|
My understanding is different, so please correct me / supply missing information. From what I understand, the average length of a typical written sentence is n = ~27. OK, this is small by itself, but Stanford Parser (lexicalized PCFG) I am using needs about 1 second to parse a sentence of this size. Imagine how slow that is on a computer time-scale by comparing it to string-length operation on the same sentence. I do encounter many sentences that are as much as 100 words long (and reading them myself, find nothing wrong with them). At about four times the length, these take about a minute to parse! I am trying to find information about speeds of other PCFG parsers, including Collins, Charniak, Berkeley, etc. I understand dependency parsers are faster but also generally lag in accuracy. |
Shift-reduce dependency parsers are linear time, and are giving state-of-the-art results. My parser's currently a pain in the ass to install, as it hasn't really been released yet, but it does hundreds of sentences a second. Accuracy is state-of-the-art -- 92-93% depending on the beam width and the evaluation set (Stanford or MALT dependencies).
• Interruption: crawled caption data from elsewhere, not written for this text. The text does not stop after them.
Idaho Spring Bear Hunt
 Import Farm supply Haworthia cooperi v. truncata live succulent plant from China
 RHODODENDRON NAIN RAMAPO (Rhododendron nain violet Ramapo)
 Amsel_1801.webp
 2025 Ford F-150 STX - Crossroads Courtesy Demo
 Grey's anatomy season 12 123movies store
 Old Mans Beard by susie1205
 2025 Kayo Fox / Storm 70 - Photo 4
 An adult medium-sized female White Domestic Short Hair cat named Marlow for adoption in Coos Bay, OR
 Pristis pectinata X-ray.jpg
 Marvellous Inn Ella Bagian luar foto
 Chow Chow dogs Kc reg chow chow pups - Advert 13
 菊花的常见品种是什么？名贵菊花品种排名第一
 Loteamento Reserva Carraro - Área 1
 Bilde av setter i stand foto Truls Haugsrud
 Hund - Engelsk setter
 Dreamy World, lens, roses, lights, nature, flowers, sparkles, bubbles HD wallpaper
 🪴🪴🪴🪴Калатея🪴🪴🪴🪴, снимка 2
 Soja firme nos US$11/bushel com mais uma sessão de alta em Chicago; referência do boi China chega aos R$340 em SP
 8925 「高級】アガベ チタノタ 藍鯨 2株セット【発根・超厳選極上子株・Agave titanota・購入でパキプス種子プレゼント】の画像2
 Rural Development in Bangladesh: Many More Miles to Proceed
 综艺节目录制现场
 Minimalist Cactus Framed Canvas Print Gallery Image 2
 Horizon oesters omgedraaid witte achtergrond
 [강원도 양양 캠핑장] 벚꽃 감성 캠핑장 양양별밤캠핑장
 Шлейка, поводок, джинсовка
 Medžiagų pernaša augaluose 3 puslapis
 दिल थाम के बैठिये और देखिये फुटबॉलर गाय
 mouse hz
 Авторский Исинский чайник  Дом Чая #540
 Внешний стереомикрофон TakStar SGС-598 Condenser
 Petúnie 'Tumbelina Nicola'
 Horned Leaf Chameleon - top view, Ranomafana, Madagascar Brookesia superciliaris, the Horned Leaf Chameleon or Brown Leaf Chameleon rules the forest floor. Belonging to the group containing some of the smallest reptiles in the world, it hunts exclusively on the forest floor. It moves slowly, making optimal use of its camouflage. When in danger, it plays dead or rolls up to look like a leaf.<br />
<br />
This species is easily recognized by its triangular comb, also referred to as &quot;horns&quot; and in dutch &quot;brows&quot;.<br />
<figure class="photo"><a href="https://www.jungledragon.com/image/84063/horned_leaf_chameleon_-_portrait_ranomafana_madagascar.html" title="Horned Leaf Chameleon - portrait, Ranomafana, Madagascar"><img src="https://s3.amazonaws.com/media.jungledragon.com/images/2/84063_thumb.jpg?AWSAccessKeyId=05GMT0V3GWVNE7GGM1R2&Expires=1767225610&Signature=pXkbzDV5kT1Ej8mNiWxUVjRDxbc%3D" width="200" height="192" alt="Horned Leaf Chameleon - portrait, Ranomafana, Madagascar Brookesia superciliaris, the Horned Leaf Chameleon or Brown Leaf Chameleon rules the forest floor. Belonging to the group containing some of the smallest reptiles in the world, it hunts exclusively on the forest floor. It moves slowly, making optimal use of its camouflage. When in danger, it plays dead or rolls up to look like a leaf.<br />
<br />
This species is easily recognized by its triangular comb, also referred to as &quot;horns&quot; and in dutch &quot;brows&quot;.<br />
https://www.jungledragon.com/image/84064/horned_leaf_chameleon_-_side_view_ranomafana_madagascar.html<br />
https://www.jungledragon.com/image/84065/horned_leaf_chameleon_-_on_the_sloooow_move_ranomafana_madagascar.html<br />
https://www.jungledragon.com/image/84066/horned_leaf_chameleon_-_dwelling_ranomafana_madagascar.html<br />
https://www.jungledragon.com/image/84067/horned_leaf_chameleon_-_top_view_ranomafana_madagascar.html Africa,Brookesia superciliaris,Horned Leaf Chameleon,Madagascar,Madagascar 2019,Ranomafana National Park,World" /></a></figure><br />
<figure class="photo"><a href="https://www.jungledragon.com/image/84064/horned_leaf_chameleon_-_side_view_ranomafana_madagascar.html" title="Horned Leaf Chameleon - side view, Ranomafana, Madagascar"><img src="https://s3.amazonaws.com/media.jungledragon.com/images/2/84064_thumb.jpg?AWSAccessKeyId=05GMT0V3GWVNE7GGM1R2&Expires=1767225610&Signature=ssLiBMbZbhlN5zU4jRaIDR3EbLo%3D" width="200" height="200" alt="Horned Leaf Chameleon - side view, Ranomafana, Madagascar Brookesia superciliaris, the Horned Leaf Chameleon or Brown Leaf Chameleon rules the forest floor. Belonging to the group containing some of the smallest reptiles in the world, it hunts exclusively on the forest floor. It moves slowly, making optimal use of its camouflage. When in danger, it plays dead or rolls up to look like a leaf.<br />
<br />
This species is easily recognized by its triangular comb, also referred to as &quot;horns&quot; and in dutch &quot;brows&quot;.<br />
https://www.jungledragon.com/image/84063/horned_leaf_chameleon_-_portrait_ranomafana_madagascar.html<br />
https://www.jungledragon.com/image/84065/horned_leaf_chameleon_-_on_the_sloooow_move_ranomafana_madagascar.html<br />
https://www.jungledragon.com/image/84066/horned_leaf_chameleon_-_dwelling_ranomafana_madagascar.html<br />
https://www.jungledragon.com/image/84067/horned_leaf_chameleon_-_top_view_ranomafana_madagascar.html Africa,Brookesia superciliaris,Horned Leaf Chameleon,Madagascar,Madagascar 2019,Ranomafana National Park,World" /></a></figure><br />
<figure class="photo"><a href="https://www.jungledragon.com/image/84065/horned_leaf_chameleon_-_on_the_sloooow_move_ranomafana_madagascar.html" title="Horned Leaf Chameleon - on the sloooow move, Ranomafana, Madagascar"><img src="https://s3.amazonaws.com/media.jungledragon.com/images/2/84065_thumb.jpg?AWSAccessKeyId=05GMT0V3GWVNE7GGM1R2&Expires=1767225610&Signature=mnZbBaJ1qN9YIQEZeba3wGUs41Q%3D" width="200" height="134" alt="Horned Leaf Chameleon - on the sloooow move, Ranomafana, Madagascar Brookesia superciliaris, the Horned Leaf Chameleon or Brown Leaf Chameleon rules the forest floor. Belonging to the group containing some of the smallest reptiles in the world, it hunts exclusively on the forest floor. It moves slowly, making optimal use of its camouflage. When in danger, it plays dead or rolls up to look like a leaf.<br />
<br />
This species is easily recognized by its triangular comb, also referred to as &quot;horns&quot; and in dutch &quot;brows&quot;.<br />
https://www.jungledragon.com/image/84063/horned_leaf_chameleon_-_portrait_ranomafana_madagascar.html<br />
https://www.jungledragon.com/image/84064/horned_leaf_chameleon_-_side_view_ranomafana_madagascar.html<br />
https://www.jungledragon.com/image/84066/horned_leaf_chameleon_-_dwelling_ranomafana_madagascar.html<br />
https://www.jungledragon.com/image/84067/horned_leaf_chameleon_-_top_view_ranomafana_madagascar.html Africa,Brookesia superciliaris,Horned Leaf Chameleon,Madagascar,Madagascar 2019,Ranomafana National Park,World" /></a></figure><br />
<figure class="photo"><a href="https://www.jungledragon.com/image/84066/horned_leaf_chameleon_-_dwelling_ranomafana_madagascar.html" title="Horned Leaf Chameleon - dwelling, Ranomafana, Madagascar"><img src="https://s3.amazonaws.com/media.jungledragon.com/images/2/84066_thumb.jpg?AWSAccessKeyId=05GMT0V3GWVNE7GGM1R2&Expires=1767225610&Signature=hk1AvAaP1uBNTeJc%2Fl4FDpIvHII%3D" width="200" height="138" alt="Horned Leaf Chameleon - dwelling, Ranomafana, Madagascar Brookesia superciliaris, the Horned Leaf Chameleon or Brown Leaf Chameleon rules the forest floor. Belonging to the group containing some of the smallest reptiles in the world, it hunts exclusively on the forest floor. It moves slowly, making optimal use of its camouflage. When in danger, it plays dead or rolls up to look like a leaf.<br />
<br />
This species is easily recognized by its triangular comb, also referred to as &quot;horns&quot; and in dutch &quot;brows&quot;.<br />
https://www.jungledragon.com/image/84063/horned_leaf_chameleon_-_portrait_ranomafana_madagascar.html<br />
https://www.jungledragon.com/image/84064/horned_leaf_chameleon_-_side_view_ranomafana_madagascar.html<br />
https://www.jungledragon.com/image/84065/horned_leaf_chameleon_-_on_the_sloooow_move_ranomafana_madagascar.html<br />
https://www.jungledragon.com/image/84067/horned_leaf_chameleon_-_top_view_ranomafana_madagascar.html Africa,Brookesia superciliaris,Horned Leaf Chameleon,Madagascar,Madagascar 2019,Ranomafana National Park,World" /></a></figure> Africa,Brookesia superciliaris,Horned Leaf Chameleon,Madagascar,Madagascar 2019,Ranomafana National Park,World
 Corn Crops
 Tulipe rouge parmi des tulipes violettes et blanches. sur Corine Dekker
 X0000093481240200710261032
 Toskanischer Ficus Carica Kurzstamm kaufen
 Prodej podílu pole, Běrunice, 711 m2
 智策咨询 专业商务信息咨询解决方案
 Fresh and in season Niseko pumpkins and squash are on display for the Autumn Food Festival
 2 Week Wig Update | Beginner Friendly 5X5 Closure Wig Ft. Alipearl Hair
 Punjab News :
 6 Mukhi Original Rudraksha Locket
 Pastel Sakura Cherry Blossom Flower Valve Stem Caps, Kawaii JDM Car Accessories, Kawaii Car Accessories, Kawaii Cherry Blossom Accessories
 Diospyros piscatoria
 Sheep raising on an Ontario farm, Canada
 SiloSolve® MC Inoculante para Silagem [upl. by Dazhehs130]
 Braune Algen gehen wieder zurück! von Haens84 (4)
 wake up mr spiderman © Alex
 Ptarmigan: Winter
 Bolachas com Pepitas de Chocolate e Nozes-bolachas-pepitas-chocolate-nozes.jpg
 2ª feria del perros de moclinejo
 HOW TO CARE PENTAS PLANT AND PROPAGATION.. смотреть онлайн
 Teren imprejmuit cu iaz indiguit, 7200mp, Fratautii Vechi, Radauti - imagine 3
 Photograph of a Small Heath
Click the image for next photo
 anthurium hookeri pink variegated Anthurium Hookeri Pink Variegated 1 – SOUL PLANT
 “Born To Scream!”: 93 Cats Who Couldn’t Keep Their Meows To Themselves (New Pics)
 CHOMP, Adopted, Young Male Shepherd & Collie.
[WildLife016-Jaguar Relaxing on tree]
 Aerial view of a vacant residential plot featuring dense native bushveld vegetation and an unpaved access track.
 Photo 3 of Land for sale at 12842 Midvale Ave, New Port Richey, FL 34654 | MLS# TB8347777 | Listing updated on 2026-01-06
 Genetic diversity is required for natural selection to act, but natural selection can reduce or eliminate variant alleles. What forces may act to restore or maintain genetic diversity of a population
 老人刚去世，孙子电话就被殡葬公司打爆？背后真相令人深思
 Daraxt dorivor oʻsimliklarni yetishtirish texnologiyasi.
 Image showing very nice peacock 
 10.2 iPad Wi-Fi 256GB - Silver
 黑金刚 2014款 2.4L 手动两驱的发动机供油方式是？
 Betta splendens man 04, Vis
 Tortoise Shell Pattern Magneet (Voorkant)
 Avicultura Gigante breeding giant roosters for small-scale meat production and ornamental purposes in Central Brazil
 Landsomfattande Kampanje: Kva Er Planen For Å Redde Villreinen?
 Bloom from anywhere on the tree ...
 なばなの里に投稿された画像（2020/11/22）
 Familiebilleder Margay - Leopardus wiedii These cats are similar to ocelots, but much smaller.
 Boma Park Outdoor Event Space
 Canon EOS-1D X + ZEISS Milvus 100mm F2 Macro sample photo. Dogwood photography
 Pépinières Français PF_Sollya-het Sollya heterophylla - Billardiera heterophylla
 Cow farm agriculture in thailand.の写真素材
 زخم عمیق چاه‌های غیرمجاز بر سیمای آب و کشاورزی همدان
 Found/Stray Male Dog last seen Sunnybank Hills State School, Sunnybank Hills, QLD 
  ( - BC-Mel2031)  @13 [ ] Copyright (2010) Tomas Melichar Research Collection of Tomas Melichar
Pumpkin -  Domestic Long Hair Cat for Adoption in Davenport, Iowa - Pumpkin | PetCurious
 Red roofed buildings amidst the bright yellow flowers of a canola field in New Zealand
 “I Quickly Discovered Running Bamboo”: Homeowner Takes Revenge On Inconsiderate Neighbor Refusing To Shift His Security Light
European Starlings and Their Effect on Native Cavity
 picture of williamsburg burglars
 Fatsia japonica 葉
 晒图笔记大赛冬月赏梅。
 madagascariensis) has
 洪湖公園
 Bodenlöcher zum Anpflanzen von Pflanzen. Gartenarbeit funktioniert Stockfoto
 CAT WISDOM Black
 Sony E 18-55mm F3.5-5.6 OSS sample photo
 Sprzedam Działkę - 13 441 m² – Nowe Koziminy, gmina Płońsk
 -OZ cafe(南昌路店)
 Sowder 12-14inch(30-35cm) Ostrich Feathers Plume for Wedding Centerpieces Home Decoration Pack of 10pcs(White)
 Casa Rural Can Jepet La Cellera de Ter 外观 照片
https://github.com/syllog1sm/redshift/ . You'll want the develop branch. It's GPL licensed.
It's implemented in Cython (i.e., almost all the code is Cython --- I'm not using it just for the speed critical bits), which would make it easy to work with if you're using Python. But, as I said...I don't claim it's currently fit for human consumption.
A C++ implementation of the same algorithm is here: http://www.sutd.edu.sg/yuezhang.aspx . Note his papers too -- he did some of the important work on this line of research.
The last few years of work in shift-reduce dependency parsing have been a bit of a break-through in parsing, imo.